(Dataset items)
* * * * *

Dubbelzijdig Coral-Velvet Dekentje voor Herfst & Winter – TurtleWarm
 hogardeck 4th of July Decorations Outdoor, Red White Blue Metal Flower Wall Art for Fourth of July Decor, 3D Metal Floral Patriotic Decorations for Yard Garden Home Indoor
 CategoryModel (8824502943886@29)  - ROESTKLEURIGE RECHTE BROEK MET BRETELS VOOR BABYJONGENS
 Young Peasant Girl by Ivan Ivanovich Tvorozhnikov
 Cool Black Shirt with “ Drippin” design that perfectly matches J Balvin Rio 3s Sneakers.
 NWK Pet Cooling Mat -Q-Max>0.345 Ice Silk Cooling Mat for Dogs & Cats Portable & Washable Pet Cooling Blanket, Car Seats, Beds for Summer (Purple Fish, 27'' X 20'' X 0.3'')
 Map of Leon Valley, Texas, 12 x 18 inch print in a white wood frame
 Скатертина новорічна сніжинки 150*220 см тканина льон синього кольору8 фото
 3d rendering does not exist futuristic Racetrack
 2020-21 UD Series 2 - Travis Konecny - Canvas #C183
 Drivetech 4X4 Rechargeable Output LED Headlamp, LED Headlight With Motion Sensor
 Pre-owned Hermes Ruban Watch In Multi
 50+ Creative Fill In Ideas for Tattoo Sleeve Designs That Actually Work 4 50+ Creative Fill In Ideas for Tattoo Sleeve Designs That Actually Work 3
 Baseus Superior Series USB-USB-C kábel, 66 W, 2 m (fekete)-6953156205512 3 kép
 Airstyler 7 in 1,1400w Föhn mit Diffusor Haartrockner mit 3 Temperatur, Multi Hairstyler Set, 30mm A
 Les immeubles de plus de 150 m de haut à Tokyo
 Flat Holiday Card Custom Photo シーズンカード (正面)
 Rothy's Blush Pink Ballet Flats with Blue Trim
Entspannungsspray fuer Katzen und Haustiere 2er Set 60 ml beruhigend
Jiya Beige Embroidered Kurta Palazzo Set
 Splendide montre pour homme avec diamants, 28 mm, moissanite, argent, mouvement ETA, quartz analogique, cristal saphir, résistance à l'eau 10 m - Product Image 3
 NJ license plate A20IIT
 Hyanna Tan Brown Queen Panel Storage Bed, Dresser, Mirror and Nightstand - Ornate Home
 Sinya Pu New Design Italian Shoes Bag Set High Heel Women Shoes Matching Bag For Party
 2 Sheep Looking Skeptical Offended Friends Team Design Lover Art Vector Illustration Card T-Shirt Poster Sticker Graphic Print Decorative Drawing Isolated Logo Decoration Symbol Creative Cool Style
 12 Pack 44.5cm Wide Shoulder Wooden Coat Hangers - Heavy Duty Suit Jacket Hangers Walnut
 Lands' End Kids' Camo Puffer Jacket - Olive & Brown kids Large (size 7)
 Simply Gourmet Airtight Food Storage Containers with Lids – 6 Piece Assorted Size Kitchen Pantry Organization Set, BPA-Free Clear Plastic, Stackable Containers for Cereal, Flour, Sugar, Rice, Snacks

* * * * *

After counting the lines of the records above that hold the word "Home", give the total and nothing else.

_Problem solution_
2